Auf Schlauchbooten fahren wir am nächsten Tag durch dichte Mangrovenwälder, vorbei an majestätisch dahinschwebenden Mantarochen zu den Murik-Seen, die sich ebenfalls an der Nordküste Papua-Neuguineas befinden. Wieder werden wir von den Bewohnern der umliegenden Dorfschaften mit Musik und Tanz empfangen: Prächtige Kostüme, mitreissende Rhythmen, Exotik pur. Wir können uns kaum sattsehen. Gerne hätten wir länger mitgetanzt, doch die Silver Discoverer bringt uns schon zum nächsten Höhepunkt.

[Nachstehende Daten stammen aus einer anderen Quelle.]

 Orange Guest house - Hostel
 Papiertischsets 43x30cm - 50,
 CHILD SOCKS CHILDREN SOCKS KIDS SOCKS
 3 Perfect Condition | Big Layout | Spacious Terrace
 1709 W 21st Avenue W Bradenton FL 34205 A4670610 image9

Der Sepik River und die Avantgarde der europäischen Kunstszene
Der sagenhafte 1200 Kilometer lange Sepik, oder der Kaiserin-Augusta-Fluss, wie er auch genannt wird, zählt zu den grössten Flusssystemen der Welt. Sümpfe, tropischer Regenwald und schroffe Berge bilden die natürliche Umgebung des reichsten Frischwasserreservoirs des asiatisch-pazifischen Raums. Das Gewässer mündet im Norden Papua-Neuguineas in die Bismarcksee. Von den Papuas wird der Flusslauf bereits seit mehreren tausend Jahren bevölkert. Krieg und Clan-Fehden waren bis ins 19. Jahrhundert Ursache für die am Sepik weit verbreitete Kopfjagd. Nur wer einen Schädel als Kriegstrophäe mit nach Hause brachte und im Männerhaus ausstellte, galt als gestandener Krieger. Europäer entdeckten und erforschten den Strom ab 1885. Die Masken, Trommeln und Schnitzereien, die nach den ersten Expeditionen nach Europa gelangten, waren eine Sensation. Die Begeisterung bei der Kunstavantgarde, angefangen bei Henri Matisse oder Emil Nolde bis zu den Surrealisten, schien grenzenlos zu sein. Für uns Grund genug, die Spuren deutscher Forscher auf dem Sepik weiterzuverfolgen. Und tatsächlich: Die Silver Discoverer wagt sich auf den Flusslauf. Zwei Zodiacs weisen ihr den Weg. Nicht harmlos. Eine Untiefe reicht und das Schiff würde auf Grund laufen. Christian Walter, Historiker und Lektor auf dem Schiff, weiss, was dies bedeutet. Am Sonntag, den 30. April 2000, war er dabei, als das Expeditionsschiff World Discoverer in der Sandfly-Passage der Salomonen auf ein unbekanntes Riff lief. Kapitän Oliver Kruess musste das Schiff in eine Bucht manövrieren, um ein Versinken zu verhindern. Noch immer liegt das Wrack in der Roderick Bay.
Die Silver Discoverer
Natürlich gehen die Gäste der Silver Discoverer nicht an Land, ohne vorher mit ausgezeichneten Vorträgen von Historikern, Biologen und Anthropologen vorbereitet zu werden. Neben der hohen Qualität der Lektoren ist auch der Komfort an Bord des Expeditionsschiffes augenfällig. Im Gegensatz zu den schwimmenden Wolkenkratzern, die wenig Platz für viele Passagiere bieten, offeriert die «Silver Discoverer» viel Raum für wenige Gäste. Mit einer Kapazität von maximal 120 Passagieren ist sie verhältnismässig klein. Der geringe Tiefgang des Expeditionsschiffes ermöglicht es, näher an der Küste zu navigieren und mit einer Flotte von zwölf Zodiac-Schlauchbooten auch an abgelegenen Stränden an Land zu gehen und versteckte Ökosysteme zu entdecken. Alle Schiffe von Silversea Cruises sind Mitglied von Relais & Châteaux. Die Küche ist ausgezeichnet, die Auswahl an inbegriffenen Weinen hervorragend, der Service perfekt. Und dank der internationalen Durchmischung der Gäste ist die Stimmung an Bord sehr entspannt.